# 8th Anniversary Logo Contest!!



## jeff (Sep 28, 2011)

Vote HERE!

*8th Anniversary Logo Contest!*

Praise! Acclaim! Free Stuff! and a $150 PRIZE!

Enter via email (see below) by Oct 19, 2011.

Welcome to what has become a very fun yearly tradition at the IAP: Our Anniversary Logo Design Contest. YOU design it, and YOU vote on it. The logo ends up on our Donation Drawing coffee mug, and graces the front page at our site for the entire year. 

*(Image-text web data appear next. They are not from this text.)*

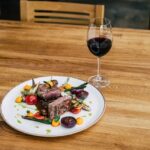 Artfully arranged steak accompanied by fresh spring vegetables, complemented by a glass of red wine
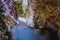 Colorful rocks, water erosion, a small waterfall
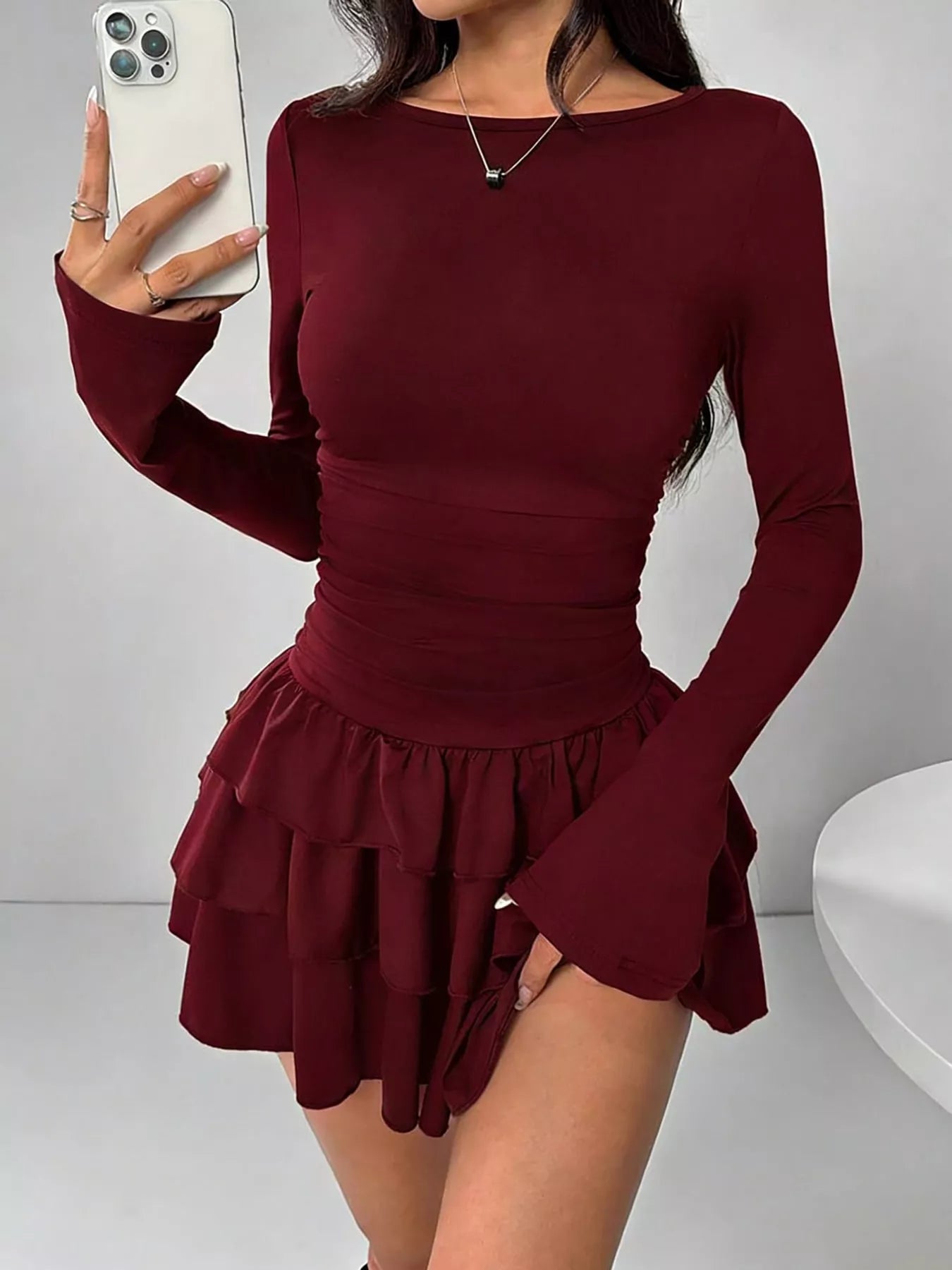 Burgundy layered ruffle long sleeve mini dress worn front facing in a mirror selfie holding a phone
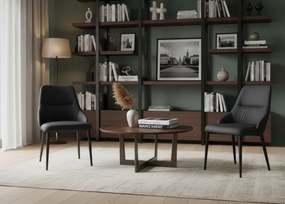 Eleganckie czarne krzesło Monolit tapicerowane ekoskórą PU, wygodne, nowoczesne i idealne do jadalni lub biura. Smukłe metalowe nogi dodają mu lekkości i stylu.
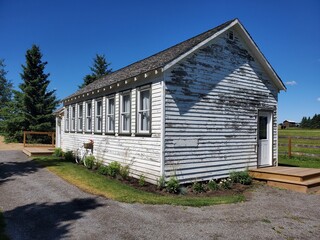 Old school building in the country side now used as a museum. White in color with old shiplap siding and many windows.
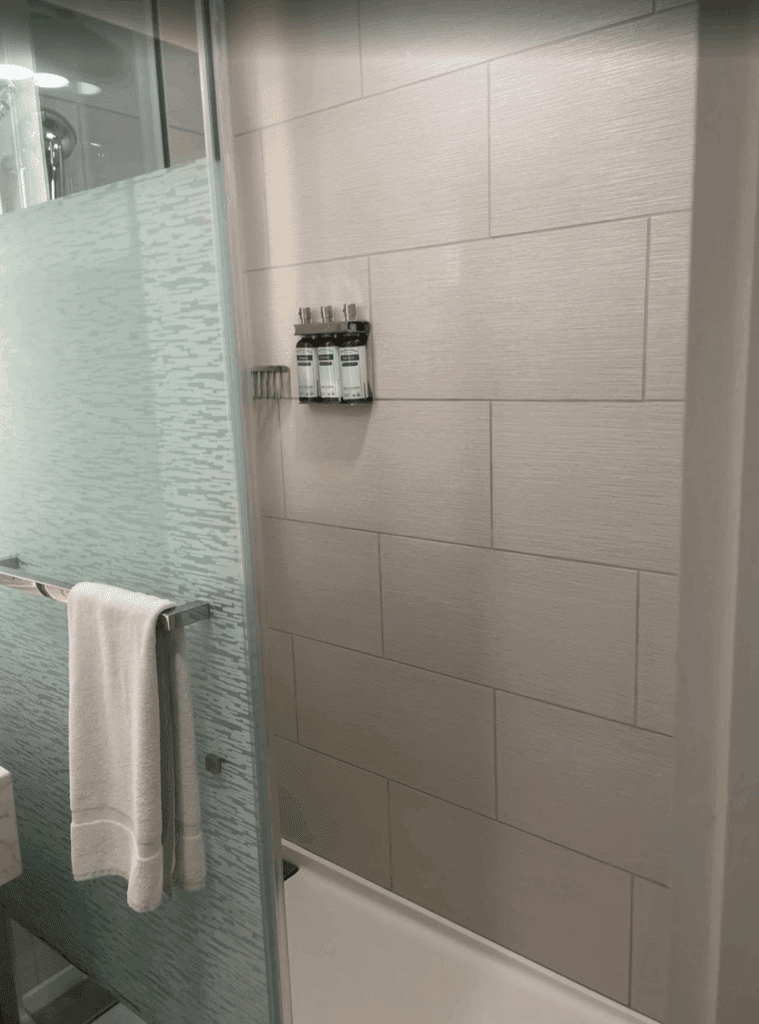 a shower with a towel and a rack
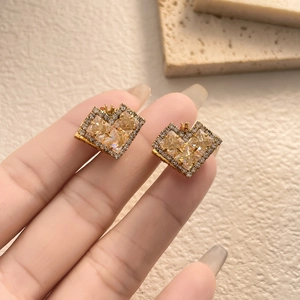 Macro shot of gold heart earring featuring four champagne cubic zirconia stones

What we're looking for is a logo


with clean, simple lines in black and white
that has elements of pens, the IAP, penmaking, etc.
which likely contains the number "8" or "VIII" or the word "eight" or "eighth" or some other commonly recognized symbol for 8.
You MAY (as the 2009 and the 2010 and the 2011 logos did) incorporate one of the existing IAP logos into your submission.

The Contest

Beginning precisely two shakes of a lamb's tail after I post this thread, and continuing through approximately midnight US Eastern time on October 19, 2011, entries for the logo contest will be accepted as jpg images sent via email to logo8 ("at" penturners.org) 

If more than 10 submissions are received, I and our trusty management team will whittle those down to the best 10, then we'll have two rounds of member voting; a 10-day semi-final round to select the top 3, and a 7-day final round to select the winner. 

The names of the members submitting entries will not be revealed until after the final voting. So, *DO NOT POST YOUR ENTRY ANYWHERE!!!* Submit it by email as described below.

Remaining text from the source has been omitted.